From: "Eregon (Benoit Daloze)" <noreply@...>
Date: 2022-02-16T19:34:14+00:00
Subject: [ruby-core:107607] [Ruby master Feature#18589] Finer-grained constant invalidation

Issue #18589 has been updated by Eregon (Benoit Daloze).


During startup, global invalidation for constants also causes a lot of extra lookups, and with a JIT it throws away a lot of code during startup (or the JIT can't inline the value of the constant).

Global per-name constant invalidation is also what JRuby does IIRC.

This is what we did in TruffleRuby, it's per class and constant/method name so it's quite precise (same general approach for method & constant lookup):
https://medium.com/graalvm/precise-method-and-constant-invalidation-in-truffleruby-4dd56c6bac1a
It has the advantage to not invalidate needlessly when e.g. two modules have a constant of the same name.
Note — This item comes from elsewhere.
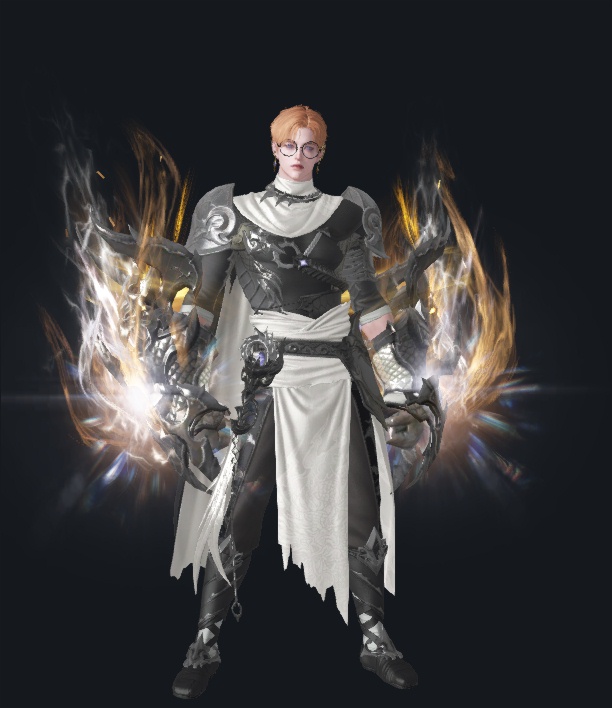 EchoBalde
----------------------------------------
Feature #18589: Finer-grained constant invalidation
https://bugs.ruby-lang.org/issues/18589#change-96518

* Author: kddeisz (Kevin Newton)
* Status: Open
* Priority: Normal
----------------------------------------
This is related to https://github.com/ruby/ruby/pull/5433.

## Current behavior

Caches depend on a global counter. All constant mutations cause all caches to be invalidated.

```ruby
class A
  B = 1
end

def foo
  A::B # inline cache depends on global counter
end

foo # populate inline cache
foo # hit inline cache

C = 1 # global counter increments, all caches are invalidated

foo # misses inline cache due to `C = 1`
```

## Proposed behavior

Caches depend on name components. Only constant mutations with corresponding names will invalidate the cache.

```ruby
class A
  B = 1
end

def foo
  A::B # inline cache depends constants named "A" and "B"
end

foo # populate inline cache
foo # hit inline cache

C = 1 # caches that depend on the name "C" are invalidated

foo # hits inline cache because IC only depends on "A" and "B"
```

Examples of breaking the new cache:

```ruby
module C
  # Breaks `foo` cache because "A" constant is set and the cache in foo depends
  # on "A" and "B"
  class A; end
end

B = 1
```

We expect the new cache scheme to be invalidated less often because names aren't frequently reused. With the cache being invalidated less, we can rely on its stability more to keep our constant references fast and reduce the need to throw away generated code in YJIT.

## Performance benchmarks

The following benchmark (included in this pull request) performs about 2x faster than master.

```ruby
CONSTANT1 = 1
CONSTANT2 = 1
CONSTANT3 = 1
CONSTANT4 = 1
CONSTANT5 = 1

def constants
  [CONSTANT1, CONSTANT2, CONSTANT3, CONSTANT4, CONSTANT5]
end

500_000.times do
  constants
  INVALIDATE = true
end
```

In terms of macro benchmarks, I ran with this code on railsbench and there was not a statistically significant different in startup time or overall runtime performance.

## Memory benchmarks

In terms of memory, this includes an increase in VM size by about 500KiB when running on railsbench. This is because we're now tracking cache associations ({ ID => IC[] }) on the VM to know how to invalidate specific caches when constants change.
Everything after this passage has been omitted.